In the entries that follow, find the line containing "Aerial view of" and the line containing "roman soldier, greek", then retype exactly the lines from the first through the second, pictures excluded.

— PROVIDED MATERIAL —
==*==
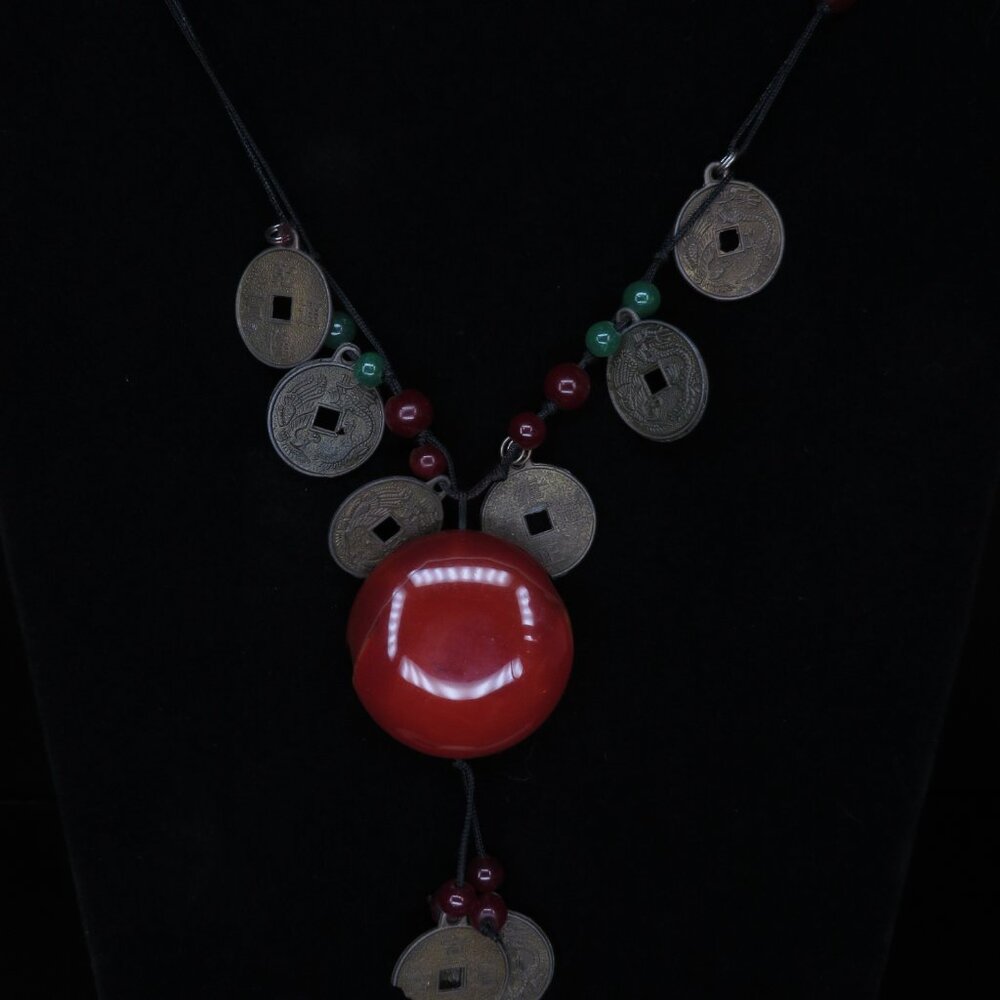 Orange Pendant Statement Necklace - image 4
==*==
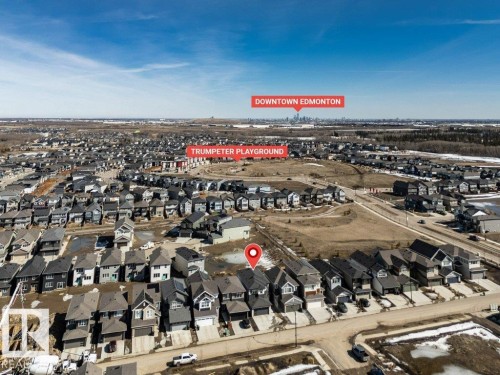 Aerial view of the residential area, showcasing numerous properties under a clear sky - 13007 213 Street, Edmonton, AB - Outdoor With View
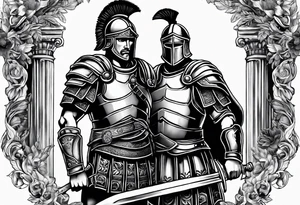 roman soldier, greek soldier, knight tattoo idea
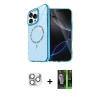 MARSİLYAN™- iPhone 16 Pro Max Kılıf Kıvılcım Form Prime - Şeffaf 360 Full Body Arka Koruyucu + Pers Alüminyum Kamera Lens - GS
==*==
— ANSWER TO THE EXERCISE —
 Aerial view of the residential area, showcasing numerous properties under a clear sky - 13007 213 Street, Edmonton, AB - Outdoor With View
 roman soldier, greek soldier, knight tattoo idea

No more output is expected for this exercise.